Toshiba, Abe scaring global investors from Japanese stocks

Toshiba's accounting irregularities and the debate over controversial security bills have made Western investors think twice about investing in Japanese stocks.     

     The book-padding has global investors worrying that Toshiba may be the tip of the iceberg. International investors, who are critical of inefficient companies that cling to outdated practices, are becoming increasingly skeptical about whether a new corporate governance code and other efforts will really help change Japan Inc.'s clubbiness.

     And now that the defense bills have come under hot debate, Prime Minister Shinzo Abe's approval ratings are tumbling. The situation is adding to investors' concerns.

     Investing in Japanese stocks has been supported by a continued rise in stock prices, partly thanks to government stability. But Abe's latest approval ratings seem to be undermining that stability.

     Pension funds and other institutional investors that like to hold on to the stocks they buy are becoming increasingly cautious about investing in Japanese shares.

     Meanwhile, hedge funds are beginning to sell yen for dollars in the foreign exchange markets, with a target exchange rate of around 127 yen.
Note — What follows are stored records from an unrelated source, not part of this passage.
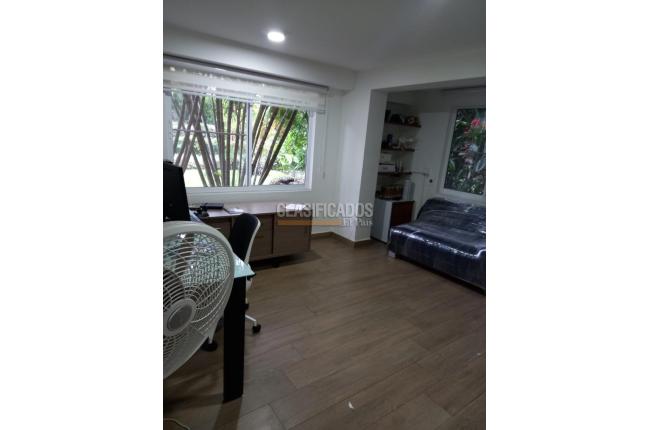 Casas, Venta, Pance - $1.090.000.000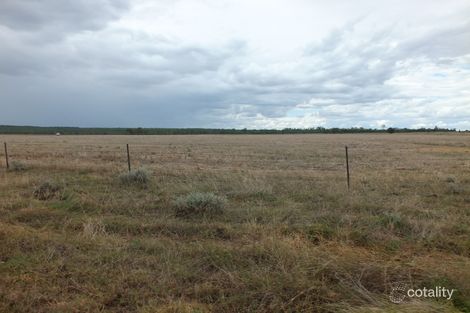 154-162 Potters Rd, Inglewood, QLD 4387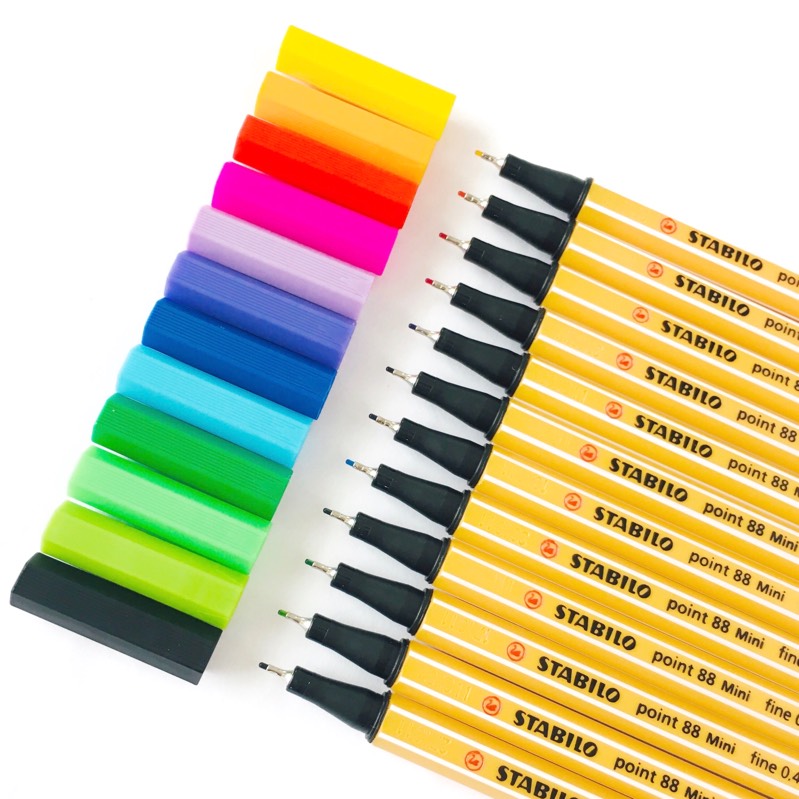 rubber_eraser, pencil_box, accordion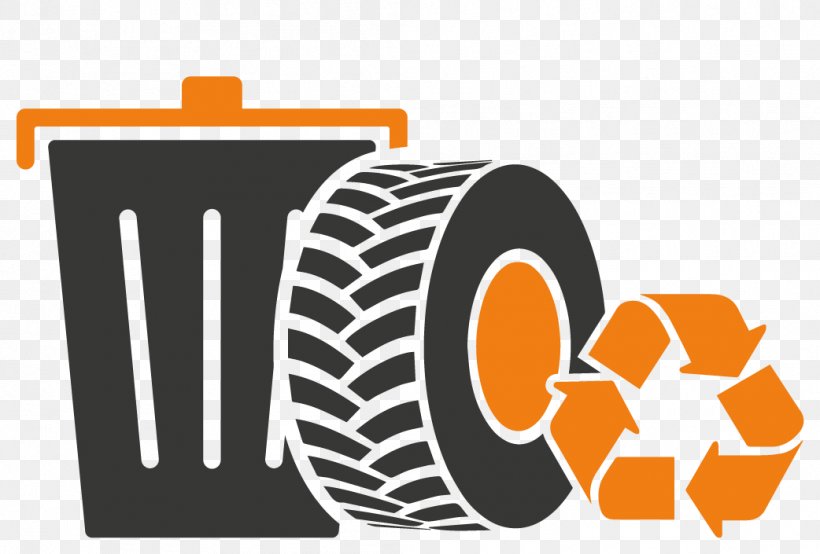 Car Tire Tractor Logo Skid-steer Loader, PNG, 1042x705px, Car, Automotive Tire, Brand, Camso, Excavator Download Free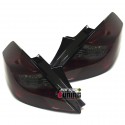 FEUX LED CELIS LCI ROUGE FUMES CORSA D 3 portes (02777)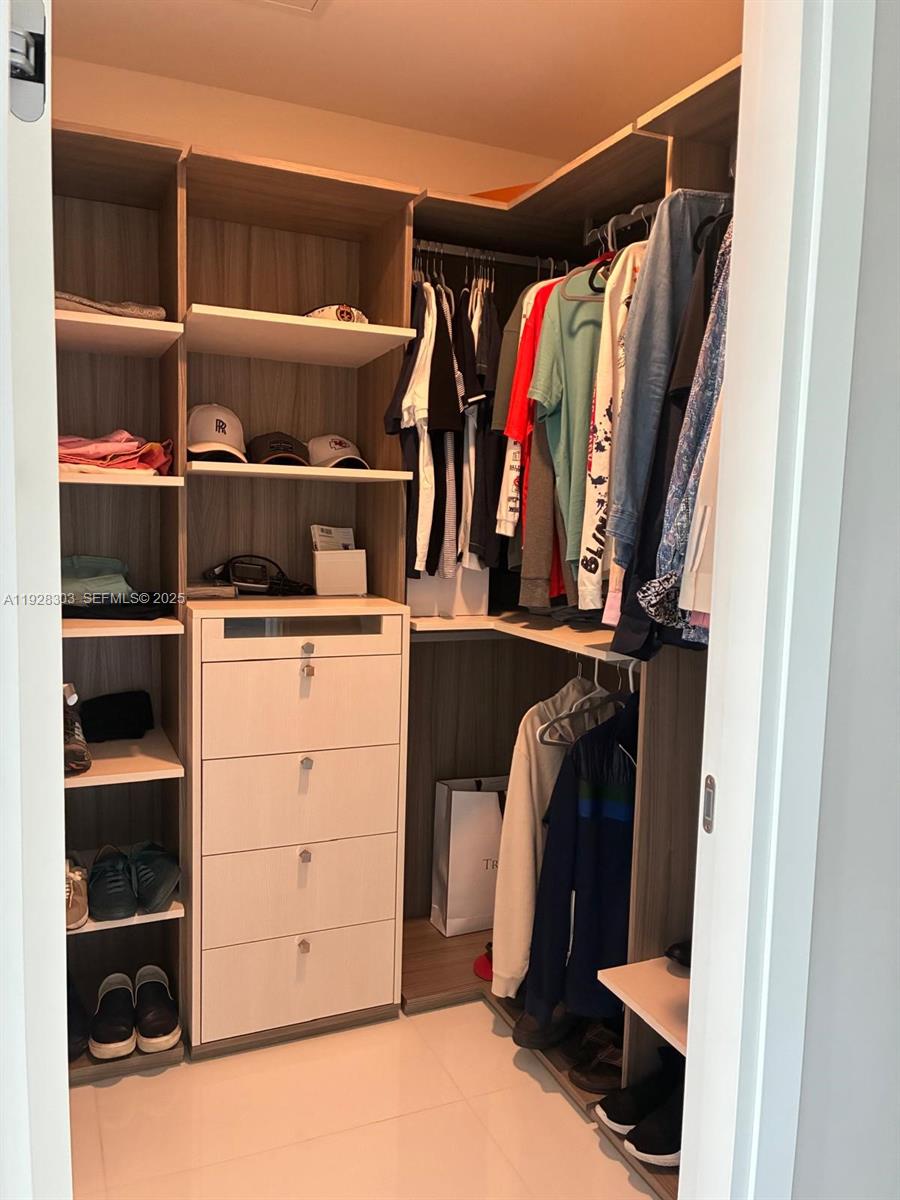 300 Sunny Isles Blvd #4-506 Sunny Isles Beach, FL 33160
They are constructing portfolios on the assumption of a U.S. rate hike in September; Fed Chair Janet Yellen as much as signaled this move last week while testifying in front of Congress.

     These funds have adopted a volatility-focused stance, buying Japanese stocks only when stock prices wildly gyrate due to political and other factors.

     Generally, foreign investors have been little involved since Japanese stocks began going back up, after Greece's debt crisis and China's stock crash looked to have been solved. But global investors, it seems, remain risk-averse. Although some market watchers say the two risks have faded, questions remain regarding a snap election in Greece and how far China's price-keeping operations can go.

     For the time being, market attention is focused on how much longer Japanese stocks can continue their upswing in the near absence of global investors.

Itsuo Toshima is an independent investment adviser based in Tokyo and the former Japan representative of the World Gold Council.